- **Directions for this task**: Without copying any picture, transcribe exactly the lines of the data below from the one containing "a living room" through the one containing "Une table ornée".

- **Records for the exercise**:
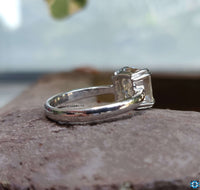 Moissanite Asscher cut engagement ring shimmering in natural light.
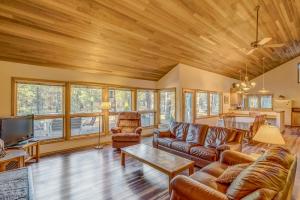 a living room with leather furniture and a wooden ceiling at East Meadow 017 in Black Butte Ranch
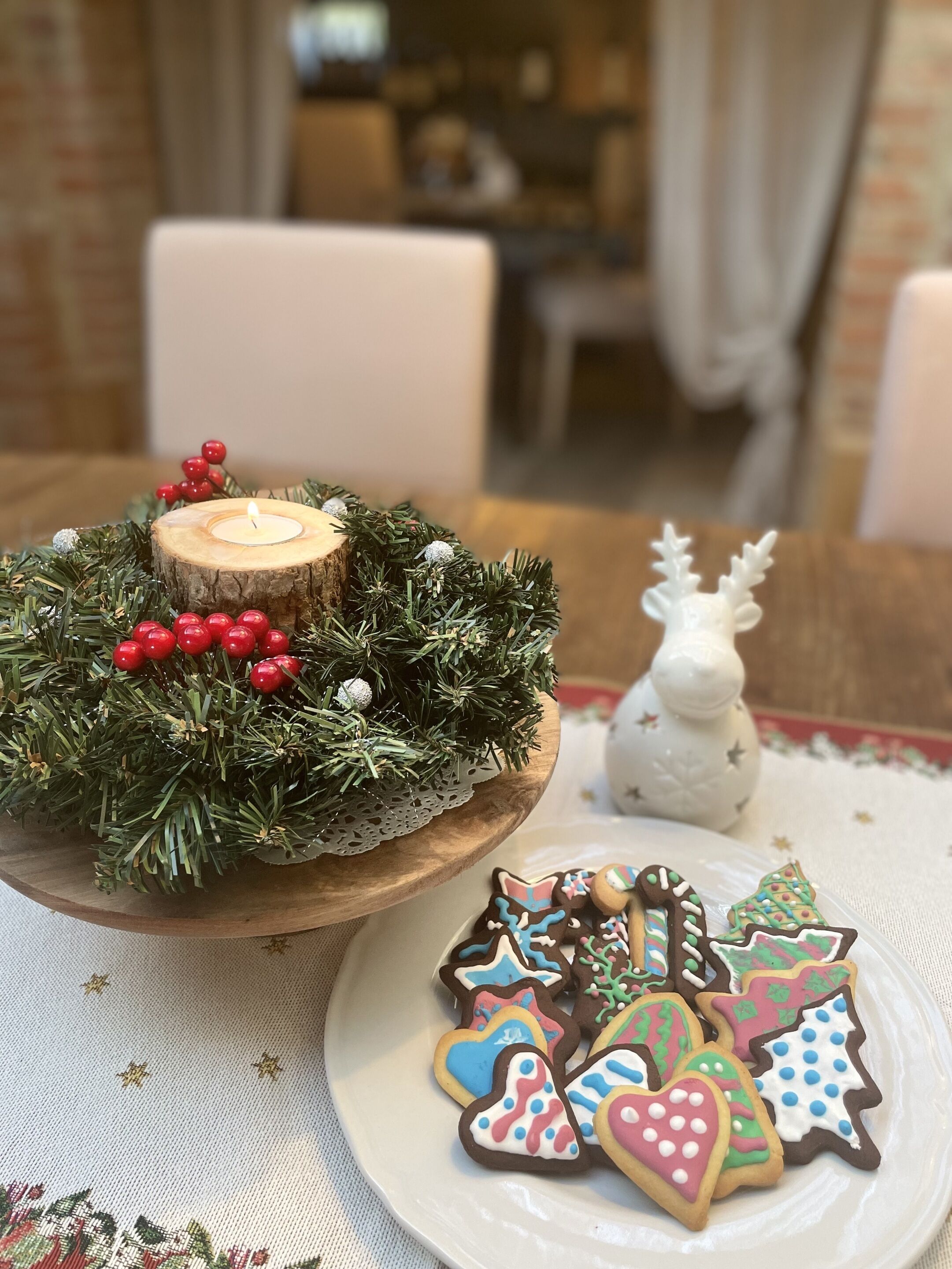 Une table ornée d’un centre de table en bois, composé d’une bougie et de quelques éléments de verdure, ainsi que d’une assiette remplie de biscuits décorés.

--

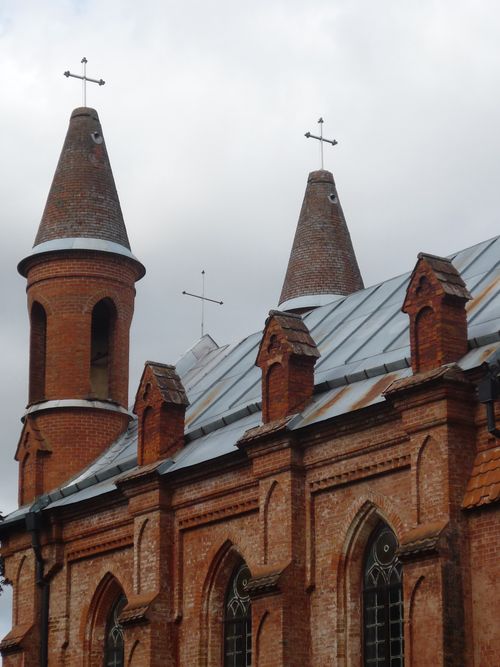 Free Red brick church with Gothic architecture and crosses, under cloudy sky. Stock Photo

- **Task solution**:
 a living room with leather furniture and a wooden ceiling at East Meadow 017 in Black Butte Ranch
 Une table ornée d’un centre de table en bois, composé d’une bougie et de quelques éléments de verdure, ainsi que d’une assiette remplie de biscuits décorés.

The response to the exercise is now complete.